%%

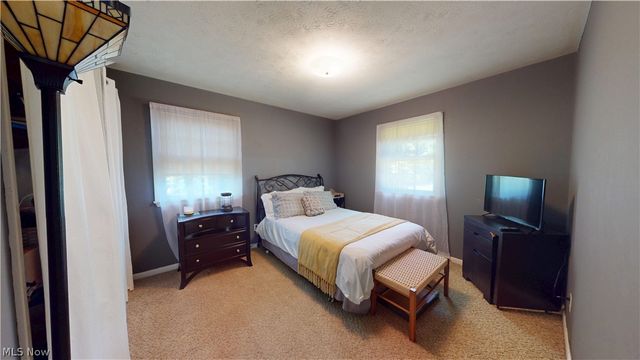 6061 Chapel Road, Madison, OH 44057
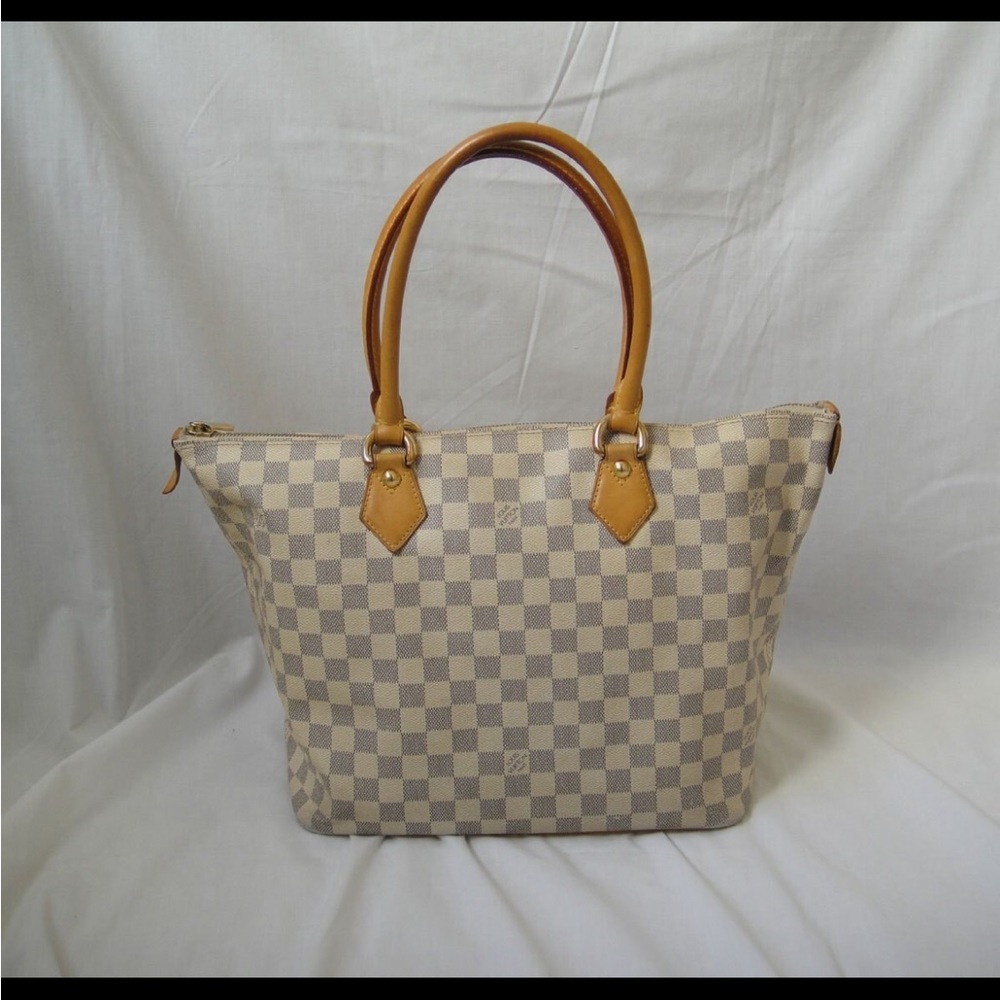 Louis Vuitton Damier Saleya zipper shoulder tote, Well loved MM great starter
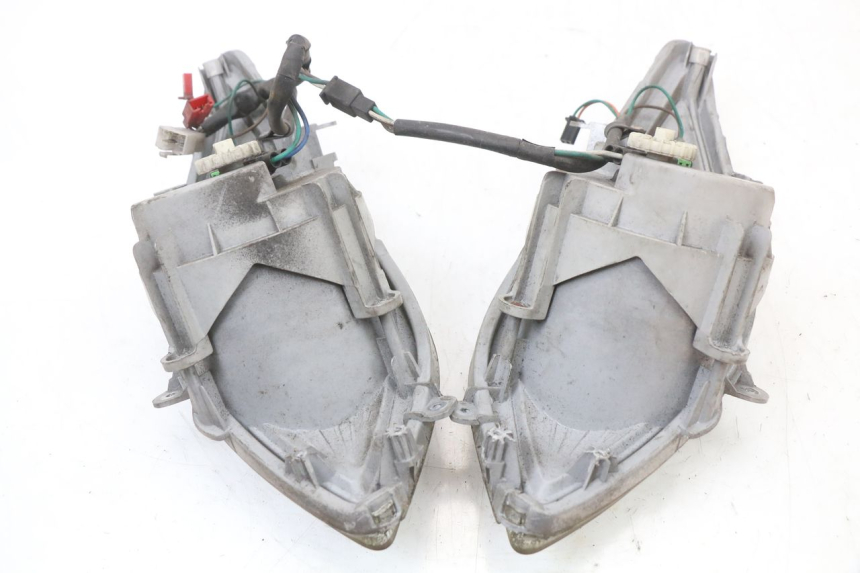 photo de FANALE ANTERIORE SYM JOYRIDE EVO 125 (2009 - 2016) - Altra vista dell'articolo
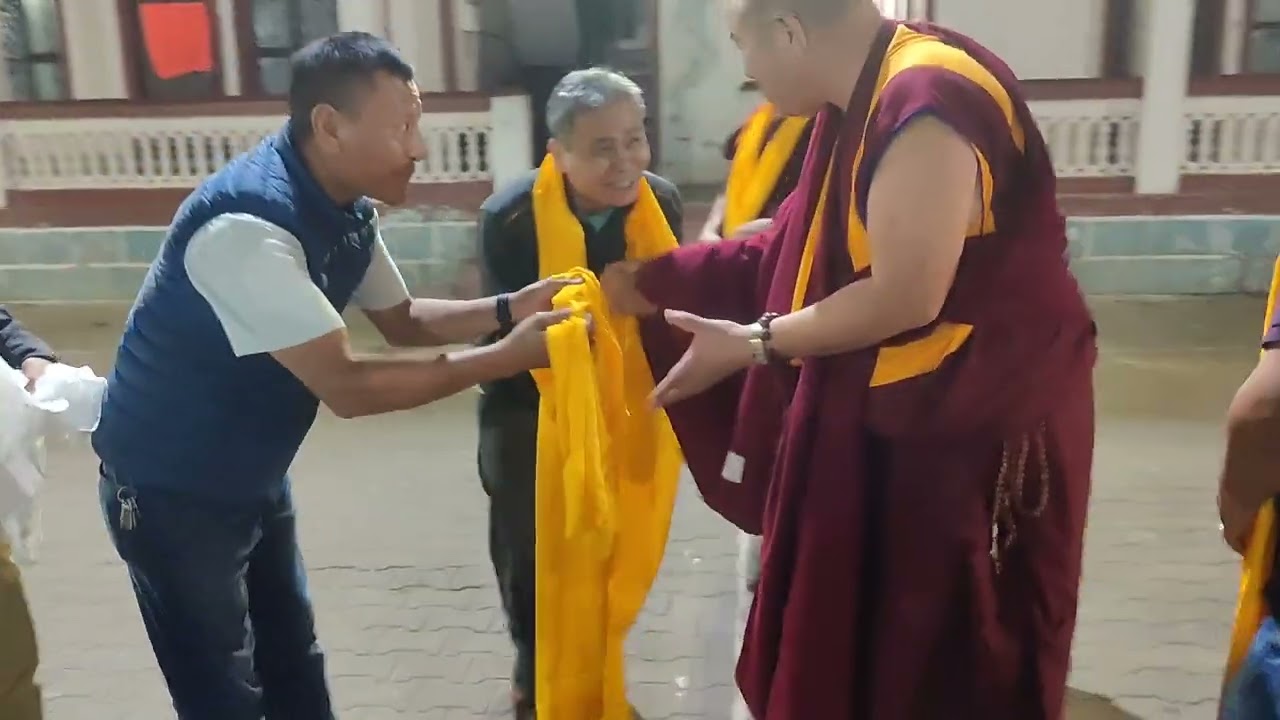 སྐྱབས་རྗེ་འོད་ཟེར་རིན་པོ་ཆེ་མཆོག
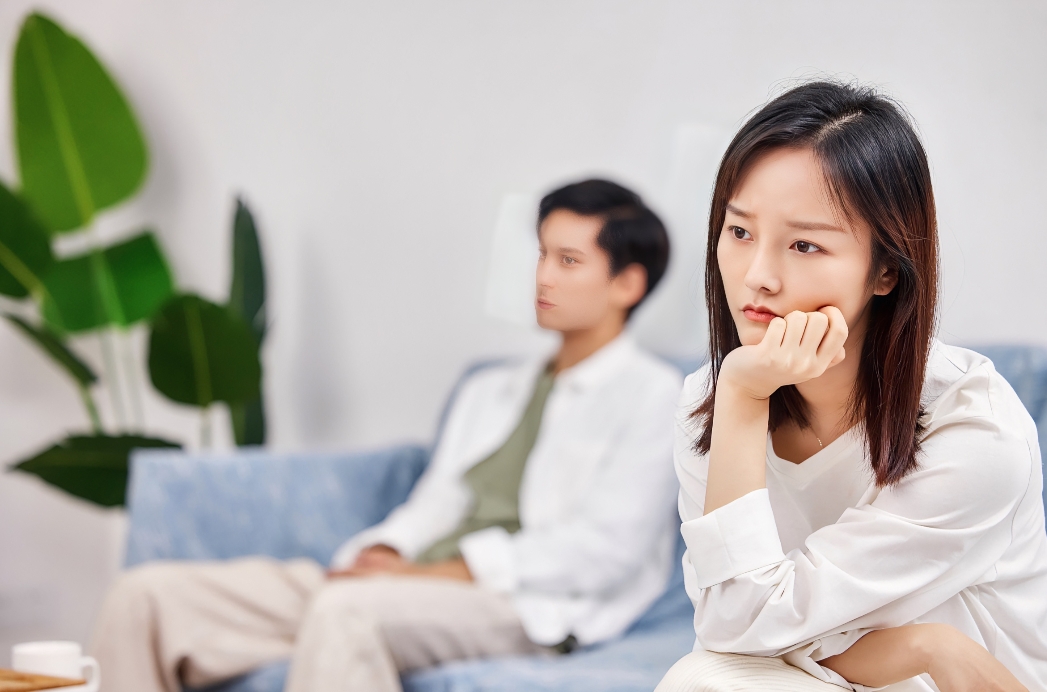 为什么很多美好的感情都不能长久

只有离婚的时候才能真正看清一个人。最近我看了个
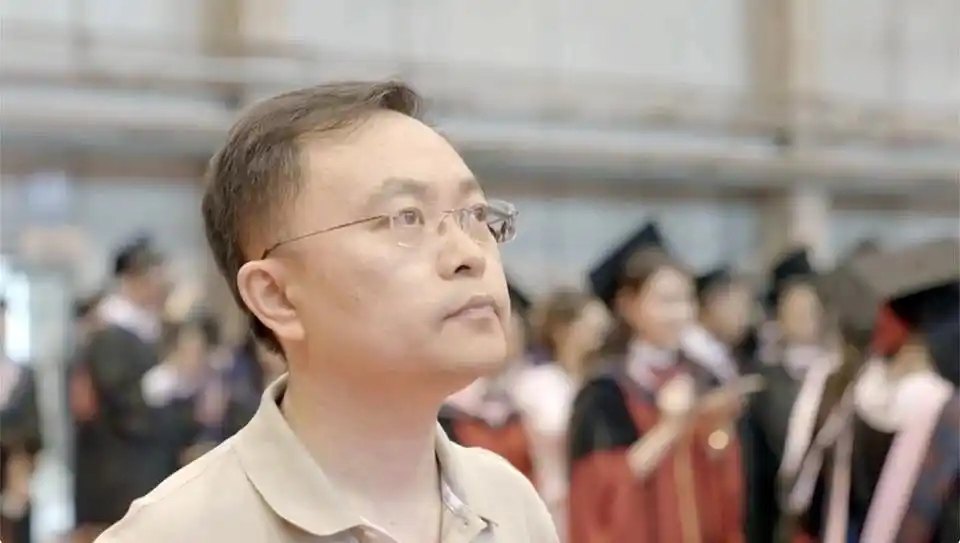 对话“渐冻人”蔡磊:就算明天要“死”了,今天我依然要战斗! 对话“渐冻人”蔡磊:就算明天要“死”了,今天我依然要战斗!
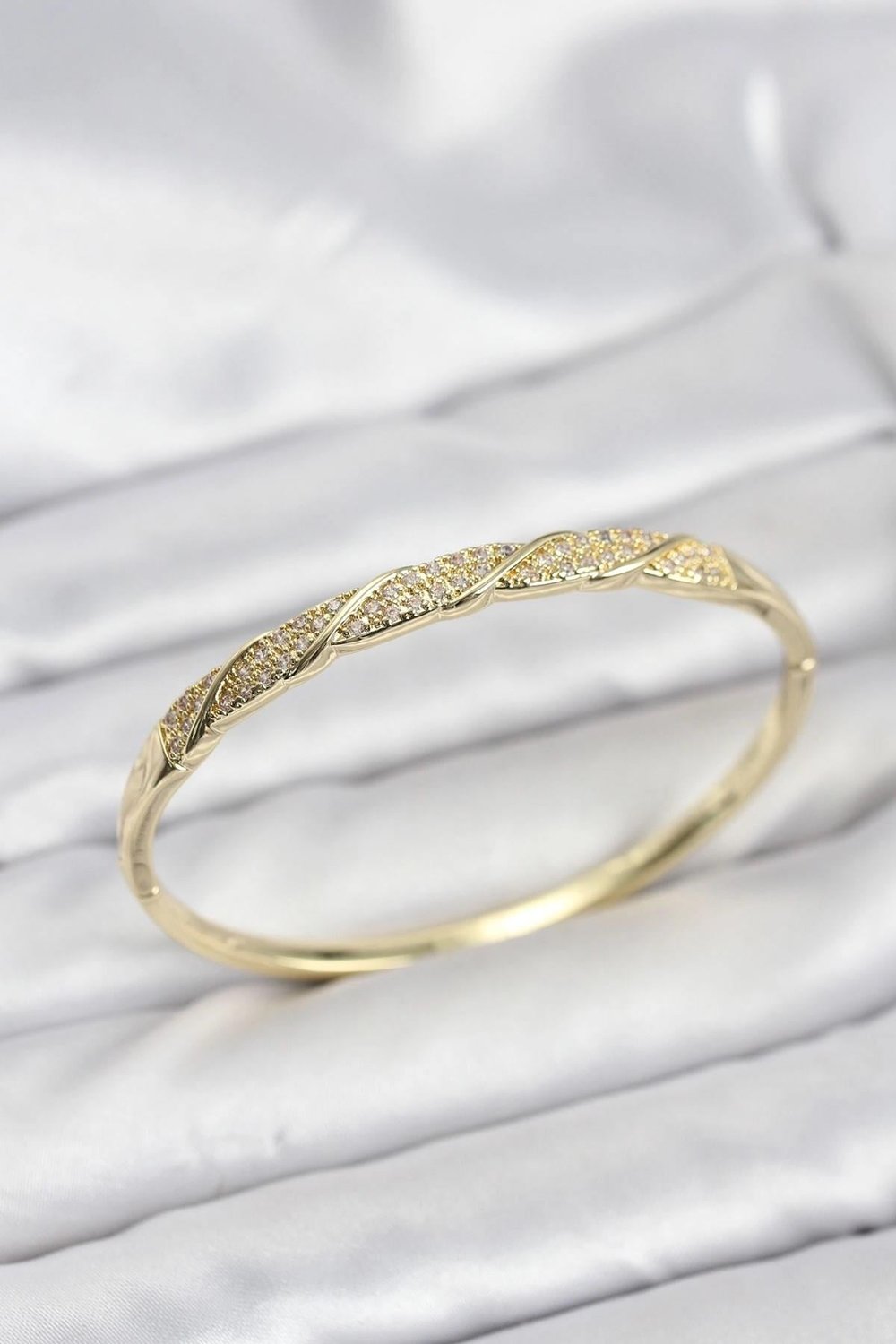 Mey İthalat® Pirinç Gold Renk Zirkon Taşlı Model Kadın Kelepçe Bileklik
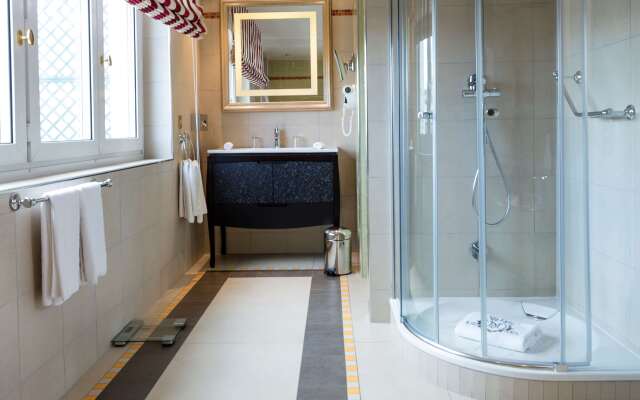 Majestic Hotel - SPA Champs Elysées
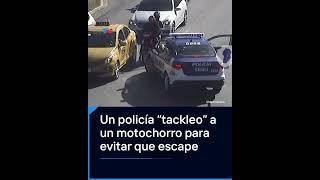 INSEGURIDAD EN CÓRDOBA: Un policía "tackleo" a un motochorro para evitar que escape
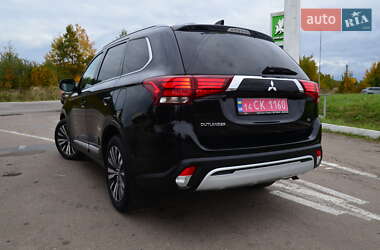 Внедорожник / Кроссовер Mitsubishi Outlander 2020 в 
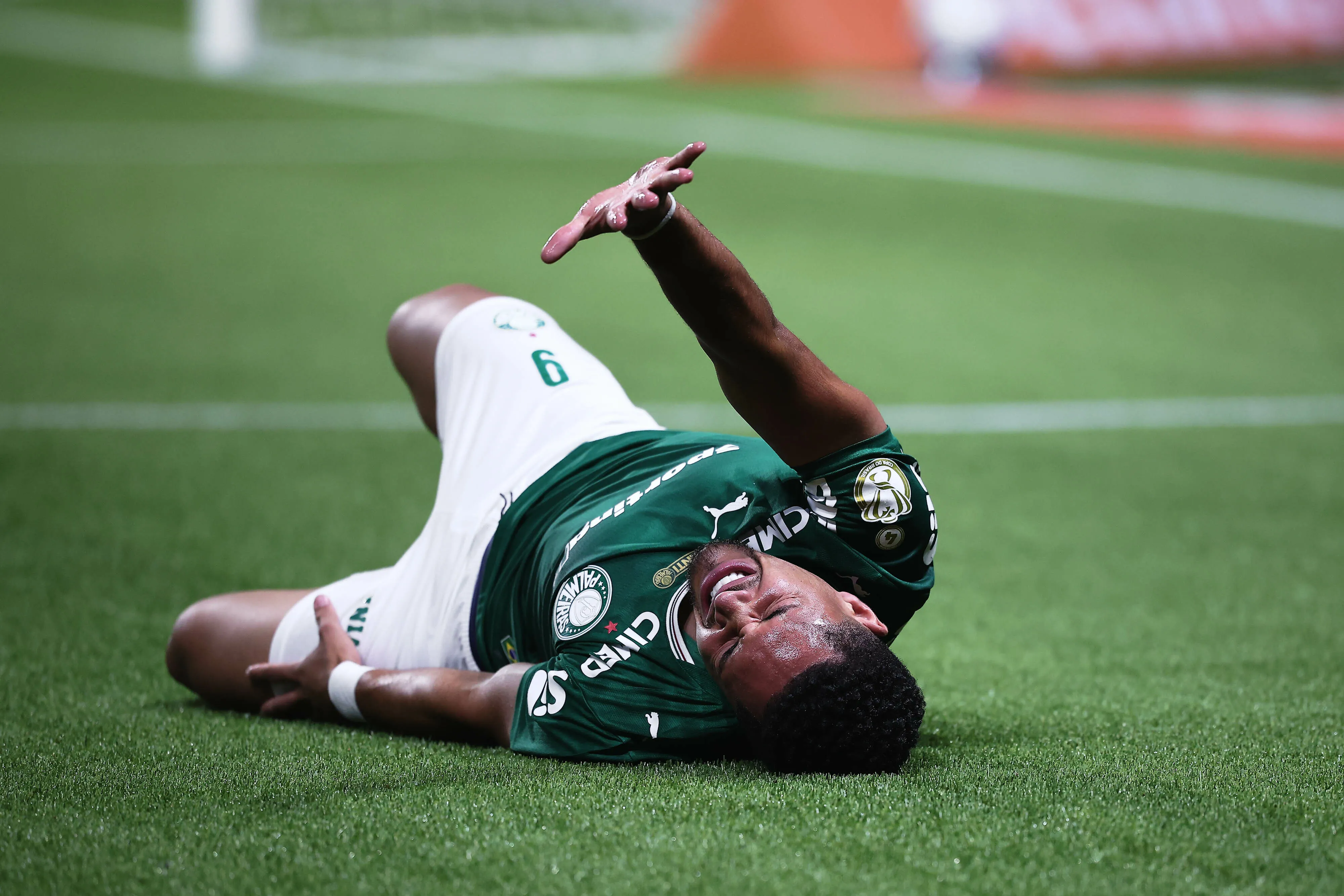 Vitor Roque sente lesão e é substituído após sofrer falta durante partida contra o Jacuipense no Nubank Arena pela Copa Do Brasil 2026. Foto: Ettore Chiereguini/AGIF.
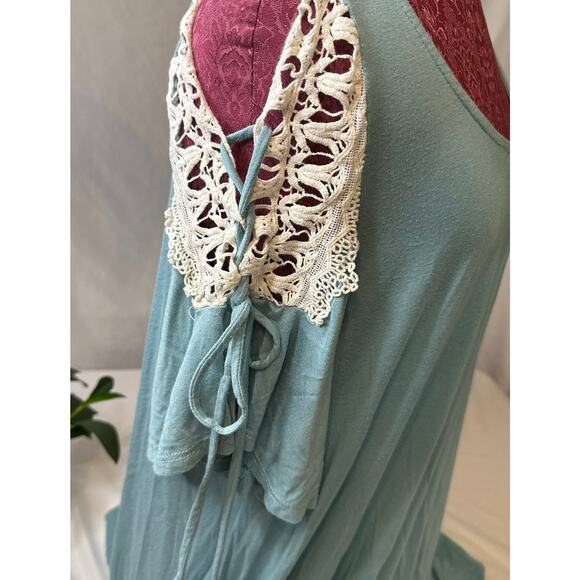 Aqua Kori America Boho Crochet Lace Shoulder Tunic Size Medium - Picture 2 of 6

%%

#### Problem to solve
Leaving out every picture, transcribe exactly the lines from the line that contains "Vitor Roque sente" through the final line of the entries above.

#### Final answer
 Vitor Roque sente lesão e é substituído após sofrer falta durante partida contra o Jacuipense no Nubank Arena pela Copa Do Brasil 2026. Foto: Ettore Chiereguini/AGIF.
 Aqua Kori America Boho Crochet Lace Shoulder Tunic Size Medium - Picture 2 of 6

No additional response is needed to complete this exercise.